Australian architect

Henry Ernest Fuller (13 August 1867 – 18 February 1962), generally known as H. E. Fuller, was an Australian architect, artist, and art critic in South Australia.

==Early life and education==
Henry Ernest Fuller was born in Adelaide, a son of Henry Robert Fuller (1825–1905), mayor of Adelaide 1866–1869 and member of both houses of state parliament.

He was educated at Hahndorf College and Prince Alfred College. He later studied at the School of Design in Adelaide.

==Career==
===Architecture===
He was articled to architect Isidor George Beaver for four years from 1884, and on graduating worked for the firm of Wright, Reed, & Beaver as a draftsman, then with architect E. H. Bayer. He took a year off to study at Adelaide's School of Design.

In 1891 he was appointed chief draftsman for Alfred Wells. In 1896 he went into practice on his own account, collaborating with Hedley Allen Dunn on a design for the new YWCA building (not adopted) in 1899, and the Adelaide Stock Exchange, which was built in 1901. From 1911 to 1913 he was in partnership with Alfred Barham Black.

===Art===
Fuller was also prominent in Adelaide's art scene. He was a fellow of the S. A. Society of Arts, its treasurer from 1897 to 1921, and secretary from 1921 to 1947. He was art critic for Adelaide's Advertiser, from 1931 to 1952, succeeded by Elizabeth Campbell, who wrote as Elizabeth Young, her name prior to her marrying Robert Campbell, director of Adelaide's National Gallery.

==Personal life==
He was a by religion an Anglican, and served the church as secretary of the Church of England Sunday School Union, a member of the synod and of the standing committee.

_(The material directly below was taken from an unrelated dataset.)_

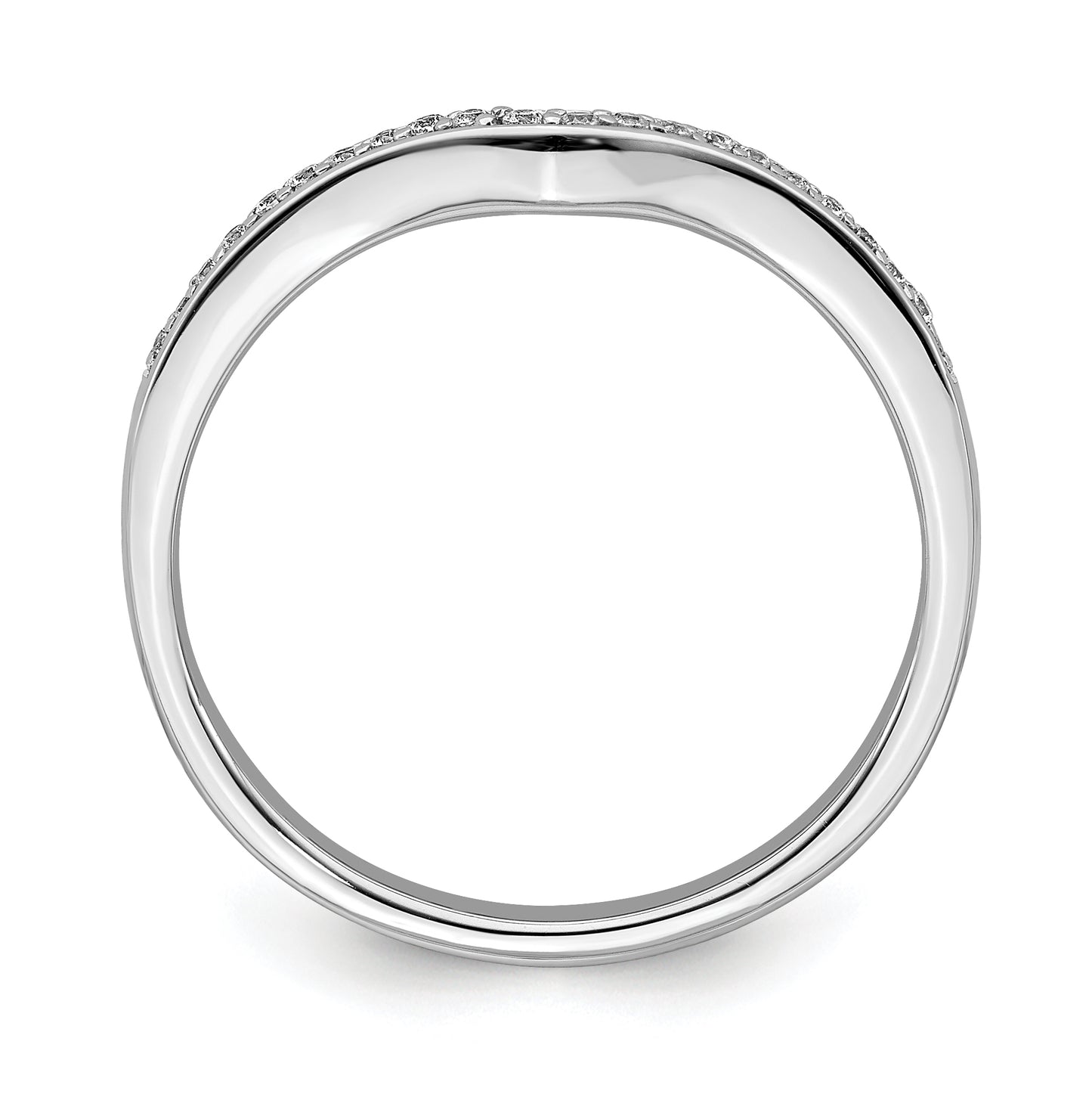 14k White Gold 1/10ct Diamond Contoured Complete Wedding Band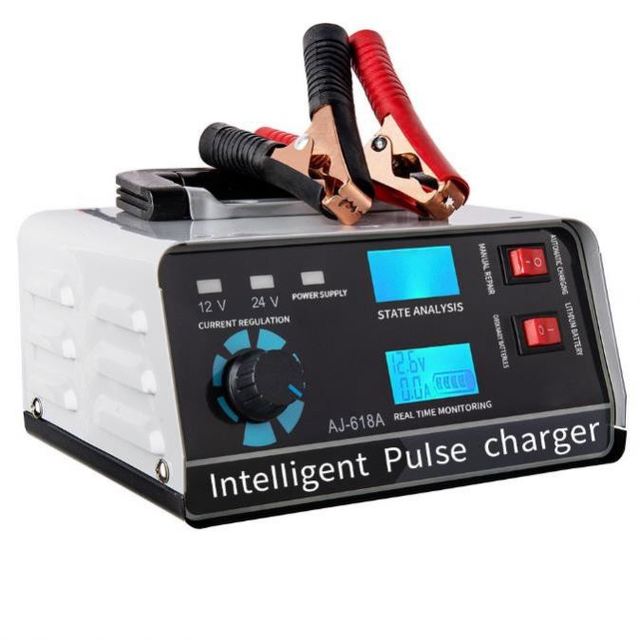 Smart Battery Charger 12V/24V Automotive Battery Charger 400W Trickle Smart Pulse Repair for Car Truck Boat Motorcycle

He was also South Australian secretary for the Trinity College Musical Examinations in London.

==Works==
- Dunn and Fuller won the design competition for the Stock Exchange Building, built in 1901.
- Black and Fuller designed Stage One of Ruthven Mansions, completed in 1912. The second stage was completed in 1914. Ruthven Mansions, on Pulteney Street, Adelaide, provided luxury accommodation and technological advances such as a central vacuuming system, mechanical ventilation and electric lifts.
- Fuller designed St. Oswald's Church of England and rectory at Parkside, and the Parkside Institute (c.1923).
- He designed Sir William J. Sowden's residence "Castlemaine" in Victor Harbor.
- He was co-author (with Mary A. Overbury, and edited by Sir William Sowden) of A History of the S.A. Society of Arts Inc. 1856–1931

==Organisations==
- Fuller was a member of the South Australian Institute of Architects (SAIA); elected a Fellow in 1907 and served as Hon. Treasurer in 1907 and President from 1913 to 1915.
- He was Secretary of the Church of England Sunday School Union.
- He was the local secretary for the Trinity College of Music Examinations.
- He was a prominent member of the South Australian Society of Arts; its President 1934–1935; Secretary briefly in 1898, then 1921–1947. He also served as Treasurer for 24 years.

==Family==

Fuller married Margaret Jessie Sunter (died 14 October 1951) on 10 January 1893; they lived at "Lauriston", Kent Town, then "Lauriston", Eastwood. Their children were:
- Basil Fuller (21 October 1893 – ) served with 10th Battalion, 1st A.I.F., wounded and leg amputated. Married Clarice Isobel Sinclair on 15 October 1919.
- Charles Alan "Charlie" Fuller (6 October 1895 – 4 December 1915) killed at Gallipoli.